#### TO DO
Look below for the line containing "Single Bedroom"; from there through the line containing "Man Who Barricaded", both lines included, please set down each line exactly and nothing else.
"""
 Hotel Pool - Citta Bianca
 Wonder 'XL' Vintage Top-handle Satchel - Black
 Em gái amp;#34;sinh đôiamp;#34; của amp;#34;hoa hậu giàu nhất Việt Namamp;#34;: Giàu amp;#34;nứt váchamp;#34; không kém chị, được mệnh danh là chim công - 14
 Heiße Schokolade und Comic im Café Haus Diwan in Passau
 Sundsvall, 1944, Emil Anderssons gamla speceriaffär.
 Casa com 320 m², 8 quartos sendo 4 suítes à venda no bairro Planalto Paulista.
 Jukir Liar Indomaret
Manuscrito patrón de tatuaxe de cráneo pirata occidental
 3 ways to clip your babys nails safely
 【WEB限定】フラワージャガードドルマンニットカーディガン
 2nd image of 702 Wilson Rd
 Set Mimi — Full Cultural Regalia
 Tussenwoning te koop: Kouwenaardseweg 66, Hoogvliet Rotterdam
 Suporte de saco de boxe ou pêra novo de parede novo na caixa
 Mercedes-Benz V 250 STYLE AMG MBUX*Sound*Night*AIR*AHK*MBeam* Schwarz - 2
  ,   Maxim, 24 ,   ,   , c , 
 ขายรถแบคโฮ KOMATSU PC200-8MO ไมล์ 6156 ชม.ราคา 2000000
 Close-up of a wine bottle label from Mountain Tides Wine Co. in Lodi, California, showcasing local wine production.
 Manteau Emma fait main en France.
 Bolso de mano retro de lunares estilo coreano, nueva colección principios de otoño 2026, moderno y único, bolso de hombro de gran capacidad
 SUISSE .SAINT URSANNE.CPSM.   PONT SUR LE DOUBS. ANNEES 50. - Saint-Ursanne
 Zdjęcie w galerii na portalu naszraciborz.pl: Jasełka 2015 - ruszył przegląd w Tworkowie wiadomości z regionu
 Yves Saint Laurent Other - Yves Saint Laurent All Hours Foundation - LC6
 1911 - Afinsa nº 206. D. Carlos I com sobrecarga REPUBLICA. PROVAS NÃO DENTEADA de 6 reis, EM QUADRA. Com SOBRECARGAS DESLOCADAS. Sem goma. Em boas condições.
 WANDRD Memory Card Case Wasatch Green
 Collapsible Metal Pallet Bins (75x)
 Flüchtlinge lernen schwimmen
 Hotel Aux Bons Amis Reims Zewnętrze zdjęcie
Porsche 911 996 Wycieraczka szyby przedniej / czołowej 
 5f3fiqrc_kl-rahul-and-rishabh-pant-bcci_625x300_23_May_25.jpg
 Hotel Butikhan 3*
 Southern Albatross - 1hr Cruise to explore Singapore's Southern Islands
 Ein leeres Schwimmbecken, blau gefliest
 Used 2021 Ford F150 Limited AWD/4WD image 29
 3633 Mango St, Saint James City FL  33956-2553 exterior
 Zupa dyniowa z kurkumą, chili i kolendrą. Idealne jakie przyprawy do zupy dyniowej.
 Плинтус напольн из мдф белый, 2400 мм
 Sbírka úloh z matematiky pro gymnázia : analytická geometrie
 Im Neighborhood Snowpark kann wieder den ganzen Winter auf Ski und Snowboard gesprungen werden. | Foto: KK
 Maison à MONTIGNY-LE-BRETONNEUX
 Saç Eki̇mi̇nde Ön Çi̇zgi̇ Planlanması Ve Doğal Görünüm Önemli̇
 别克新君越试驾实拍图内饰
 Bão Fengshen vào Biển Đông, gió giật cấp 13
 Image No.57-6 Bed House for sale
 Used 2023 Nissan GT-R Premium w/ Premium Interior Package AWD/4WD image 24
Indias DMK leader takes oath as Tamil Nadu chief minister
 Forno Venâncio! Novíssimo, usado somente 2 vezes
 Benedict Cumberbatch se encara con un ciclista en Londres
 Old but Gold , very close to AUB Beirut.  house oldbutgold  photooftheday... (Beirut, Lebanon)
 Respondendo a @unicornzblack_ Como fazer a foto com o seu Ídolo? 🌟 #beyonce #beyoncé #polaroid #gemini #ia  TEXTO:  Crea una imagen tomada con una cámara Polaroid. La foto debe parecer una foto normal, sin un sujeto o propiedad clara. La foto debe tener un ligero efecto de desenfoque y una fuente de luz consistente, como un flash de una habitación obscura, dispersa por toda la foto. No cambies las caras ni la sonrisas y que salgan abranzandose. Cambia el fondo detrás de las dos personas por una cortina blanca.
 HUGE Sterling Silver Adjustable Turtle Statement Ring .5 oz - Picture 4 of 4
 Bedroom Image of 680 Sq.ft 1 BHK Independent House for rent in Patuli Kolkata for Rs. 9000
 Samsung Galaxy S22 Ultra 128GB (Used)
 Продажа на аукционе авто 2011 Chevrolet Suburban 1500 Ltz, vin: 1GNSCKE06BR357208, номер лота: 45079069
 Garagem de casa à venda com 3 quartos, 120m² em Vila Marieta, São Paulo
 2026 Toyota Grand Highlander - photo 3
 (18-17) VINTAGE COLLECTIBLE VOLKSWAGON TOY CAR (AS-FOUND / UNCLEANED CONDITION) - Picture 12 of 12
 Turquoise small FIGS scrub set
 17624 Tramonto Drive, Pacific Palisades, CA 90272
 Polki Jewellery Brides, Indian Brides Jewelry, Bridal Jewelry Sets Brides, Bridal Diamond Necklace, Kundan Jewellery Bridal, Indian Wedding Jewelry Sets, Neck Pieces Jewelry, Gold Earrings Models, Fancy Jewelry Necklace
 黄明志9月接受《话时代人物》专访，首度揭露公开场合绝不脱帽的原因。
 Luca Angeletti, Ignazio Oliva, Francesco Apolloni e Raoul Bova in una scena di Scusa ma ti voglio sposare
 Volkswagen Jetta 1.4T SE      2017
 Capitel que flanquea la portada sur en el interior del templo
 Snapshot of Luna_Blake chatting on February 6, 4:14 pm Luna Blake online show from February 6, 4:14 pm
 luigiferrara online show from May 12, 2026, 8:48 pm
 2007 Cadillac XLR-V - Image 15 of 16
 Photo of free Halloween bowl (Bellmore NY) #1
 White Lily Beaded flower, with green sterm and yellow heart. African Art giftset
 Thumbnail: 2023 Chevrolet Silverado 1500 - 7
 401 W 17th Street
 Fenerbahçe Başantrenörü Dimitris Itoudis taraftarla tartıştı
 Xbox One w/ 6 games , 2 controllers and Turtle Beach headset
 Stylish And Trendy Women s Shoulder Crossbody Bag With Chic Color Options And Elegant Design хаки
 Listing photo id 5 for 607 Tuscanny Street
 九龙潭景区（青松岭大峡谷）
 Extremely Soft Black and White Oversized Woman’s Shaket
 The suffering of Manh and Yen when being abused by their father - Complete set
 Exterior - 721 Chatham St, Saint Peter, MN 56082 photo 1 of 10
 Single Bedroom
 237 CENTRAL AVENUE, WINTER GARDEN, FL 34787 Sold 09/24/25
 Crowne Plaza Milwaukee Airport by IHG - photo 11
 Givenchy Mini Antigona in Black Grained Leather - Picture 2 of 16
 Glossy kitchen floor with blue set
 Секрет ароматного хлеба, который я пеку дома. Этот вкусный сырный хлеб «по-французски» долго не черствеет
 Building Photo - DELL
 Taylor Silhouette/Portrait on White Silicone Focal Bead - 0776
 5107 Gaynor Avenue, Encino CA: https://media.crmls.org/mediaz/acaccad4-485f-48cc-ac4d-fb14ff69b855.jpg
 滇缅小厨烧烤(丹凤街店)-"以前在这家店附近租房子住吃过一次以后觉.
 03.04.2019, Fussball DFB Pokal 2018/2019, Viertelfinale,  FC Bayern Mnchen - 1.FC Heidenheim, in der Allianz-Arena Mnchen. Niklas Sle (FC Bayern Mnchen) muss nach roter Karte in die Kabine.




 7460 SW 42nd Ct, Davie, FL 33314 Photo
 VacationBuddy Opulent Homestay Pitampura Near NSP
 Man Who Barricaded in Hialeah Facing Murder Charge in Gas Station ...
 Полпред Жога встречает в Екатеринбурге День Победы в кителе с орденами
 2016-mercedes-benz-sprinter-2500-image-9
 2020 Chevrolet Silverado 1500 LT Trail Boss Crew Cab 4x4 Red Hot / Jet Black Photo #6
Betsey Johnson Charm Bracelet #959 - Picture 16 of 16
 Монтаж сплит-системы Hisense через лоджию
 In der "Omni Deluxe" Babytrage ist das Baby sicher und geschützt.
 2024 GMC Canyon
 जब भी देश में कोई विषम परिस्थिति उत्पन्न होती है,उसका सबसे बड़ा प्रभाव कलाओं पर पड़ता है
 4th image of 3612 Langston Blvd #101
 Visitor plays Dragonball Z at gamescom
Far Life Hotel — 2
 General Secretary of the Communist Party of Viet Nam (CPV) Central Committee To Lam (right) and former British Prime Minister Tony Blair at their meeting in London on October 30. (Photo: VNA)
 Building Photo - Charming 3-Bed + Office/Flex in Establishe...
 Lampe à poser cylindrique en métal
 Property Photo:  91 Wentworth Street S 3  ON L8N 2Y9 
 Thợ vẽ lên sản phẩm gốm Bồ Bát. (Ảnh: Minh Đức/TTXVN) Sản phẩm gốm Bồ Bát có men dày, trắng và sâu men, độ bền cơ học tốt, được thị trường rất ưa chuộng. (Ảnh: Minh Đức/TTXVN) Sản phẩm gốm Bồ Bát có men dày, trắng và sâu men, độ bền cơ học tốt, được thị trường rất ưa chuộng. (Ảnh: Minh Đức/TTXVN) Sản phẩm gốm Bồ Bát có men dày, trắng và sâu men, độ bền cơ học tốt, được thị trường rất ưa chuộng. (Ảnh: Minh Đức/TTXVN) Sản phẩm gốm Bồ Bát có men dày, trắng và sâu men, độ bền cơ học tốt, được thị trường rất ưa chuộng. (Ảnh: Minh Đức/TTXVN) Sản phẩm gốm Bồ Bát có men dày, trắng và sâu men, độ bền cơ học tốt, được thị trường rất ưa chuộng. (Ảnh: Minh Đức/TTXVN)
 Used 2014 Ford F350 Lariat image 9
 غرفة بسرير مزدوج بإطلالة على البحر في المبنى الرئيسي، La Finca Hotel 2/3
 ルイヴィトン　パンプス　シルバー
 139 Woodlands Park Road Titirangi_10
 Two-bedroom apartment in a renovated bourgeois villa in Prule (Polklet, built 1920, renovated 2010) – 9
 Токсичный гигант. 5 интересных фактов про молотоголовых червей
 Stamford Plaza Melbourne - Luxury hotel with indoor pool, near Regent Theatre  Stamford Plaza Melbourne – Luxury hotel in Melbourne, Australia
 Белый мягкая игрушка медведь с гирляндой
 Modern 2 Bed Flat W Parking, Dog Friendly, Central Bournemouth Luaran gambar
"""
#### THE COMPLETED TASK
 Single Bedroom
 237 CENTRAL AVENUE, WINTER GARDEN, FL 34787 Sold 09/24/25
 Crowne Plaza Milwaukee Airport by IHG - photo 11
 Givenchy Mini Antigona in Black Grained Leather - Picture 2 of 16
 Glossy kitchen floor with blue set
 Секрет ароматного хлеба, который я пеку дома. Этот вкусный сырный хлеб «по-французски» долго не черствеет
 Building Photo - DELL
 Taylor Silhouette/Portrait on White Silicone Focal Bead - 0776
 5107 Gaynor Avenue, Encino CA: https://media.crmls.org/mediaz/acaccad4-485f-48cc-ac4d-fb14ff69b855.jpg
 滇缅小厨烧烤(丹凤街店)-"以前在这家店附近租房子住吃过一次以后觉.
 03.04.2019, Fussball DFB Pokal 2018/2019, Viertelfinale,  FC Bayern Mnchen - 1.FC Heidenheim, in der Allianz-Arena Mnchen. Niklas Sle (FC Bayern Mnchen) muss nach roter Karte in die Kabine.




 7460 SW 42nd Ct, Davie, FL 33314 Photo
 VacationBuddy Opulent Homestay Pitampura Near NSP
 Man Who Barricaded in Hialeah Facing Murder Charge in Gas Station ...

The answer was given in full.